APACHE HADOOP INSTALLATION AND CONFIGURATION STEP-BY-STEP
Note: I am using 'CentOS-7' for this entire tutorial ( or I will mention OS flavor when required )
- - -
Pre requisites-1:: (Environmental)
1) Laptop or Desktop (with Min. 4 GB of RAM & 150 GB of HDD)
2) Linux OS iso ( Cent OS is preferred because, its lighter than other OS.)
( I suggest to install Cent OS with GUI as 'host' instead of windows 7/8/10)
3) KVM (Kernel-based Virtual Machine) to install guest OS.
Explanation:
if your laptop is installed with Linux OS, you can use it to install hadoop in 'pseudo-distribution mode' and you can use laptop as 'Name Node' and guests installed under KVM as 'Data Nodes'.
Modes of Installation:
You will have daemons for each process and the daemons run on multiple servers.

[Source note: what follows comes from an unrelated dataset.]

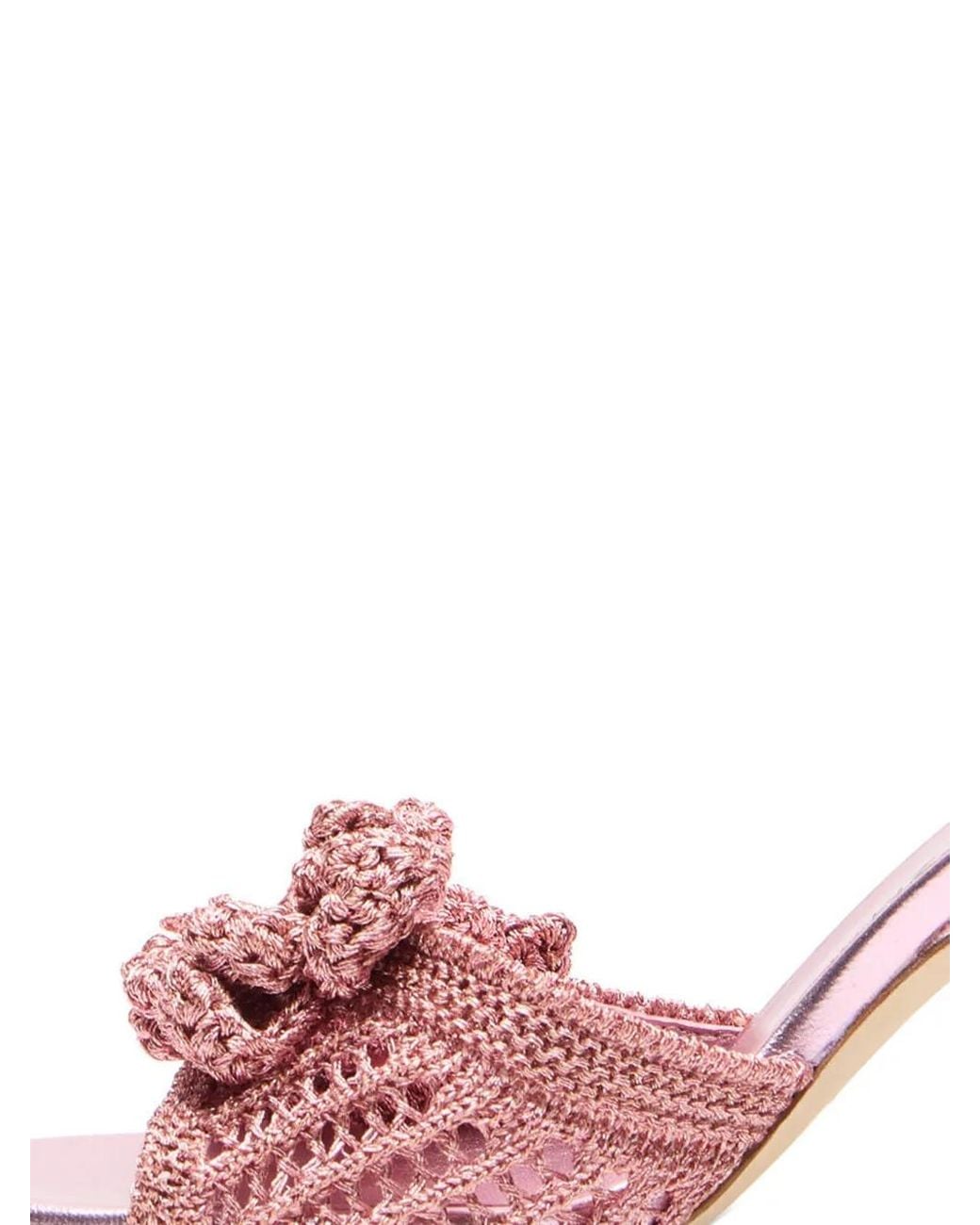 Stuart Weitzman Pink Lotus Floral-Appliqué Sandals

2.Pseudo distributed Mode:
Can be implemented in a single server. All services will run as separate JVM in the same machine.
all daemons (such as the DataNode, NameNode and ResourceManager processes) run on a single server.

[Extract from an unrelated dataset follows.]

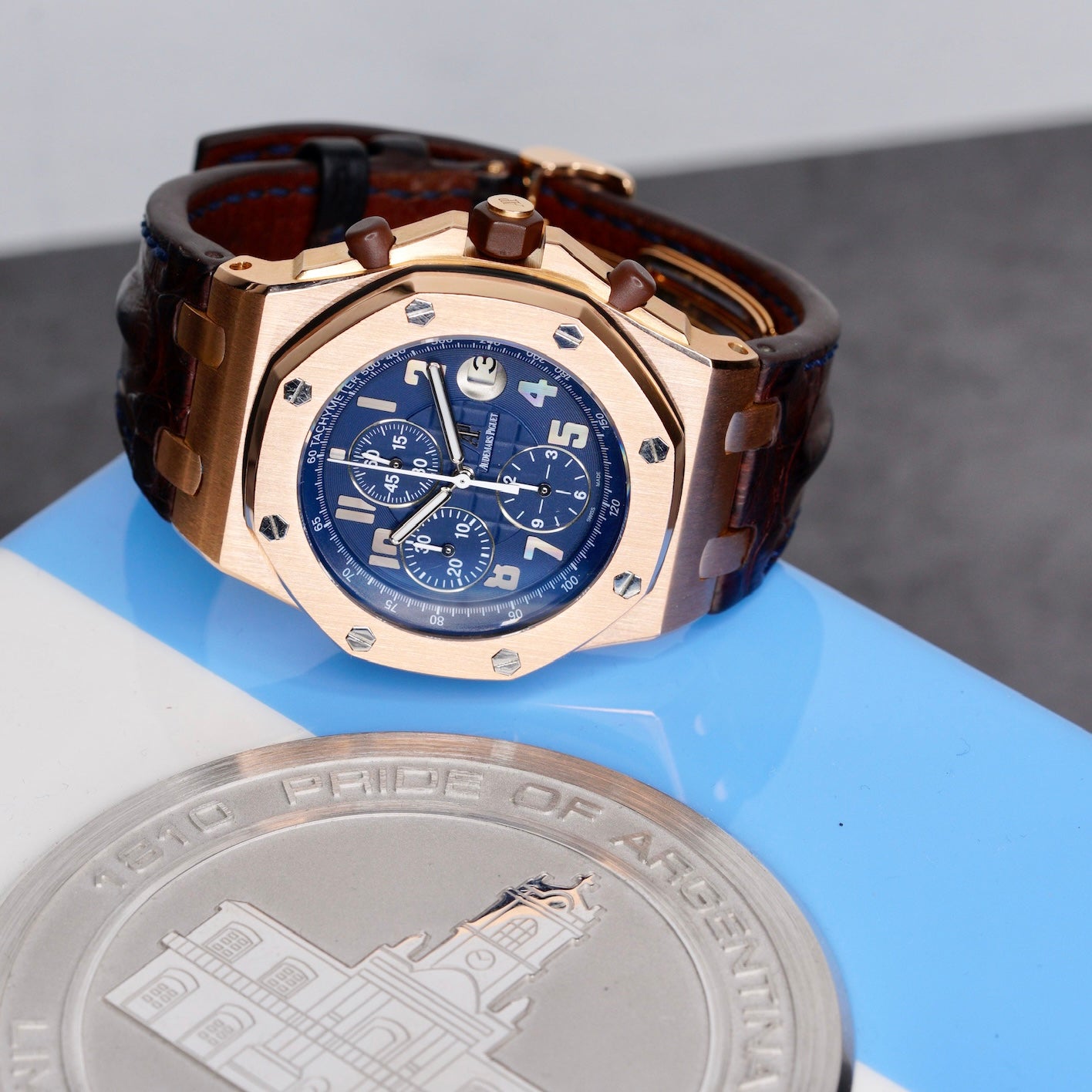 Audemars Piguet Royal Oak Offshore 26365OR.OO.D801CR.01 “PRIDE OF ARGENTINA” Deep Blue Dial Rose Gold Leather Strap 42mm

Pre-Requisites-2 ::: Modifying 'Kernel Parameters' of OS (useful for all modes of installation )
it is not recommended to leave default kernel parameters unchanged when your are implementing hadoop cluster. Following steps will show you how to change linux kernel parameters for better hadoop cluster performance..
Linux keeps 3 time stamps for each file on its filesystem : modified time (mtime), change time(ctime), and access time(atime).
'stat' command show above three time stamps. Ex: $ stat /bin/ls
- The 'noatime' option disables writing file access times to the HDD every time you read a file.
- The 'nodiratime' option disables the writing of file access times only for directories while other files still get access times written.
Note: 'noatime' implies 'nodiratime'. No need to specify both
/etc/fstab :
/dev/sda2 /data1 ext4 defaults,noatime 0 0
/dev/sda3 /data2 ext4 defaults,noatime 0 0
below command will show the maximum, total, global number of file descriptors the kernel will allocate before choking.
# cat /proc/sys/fs/file-max
you can check soft-limit and hard-limit using below commands
# ulimit -Sn
# ulimiit -Hn
you can increase these limits for individual users by editing below mentioned file.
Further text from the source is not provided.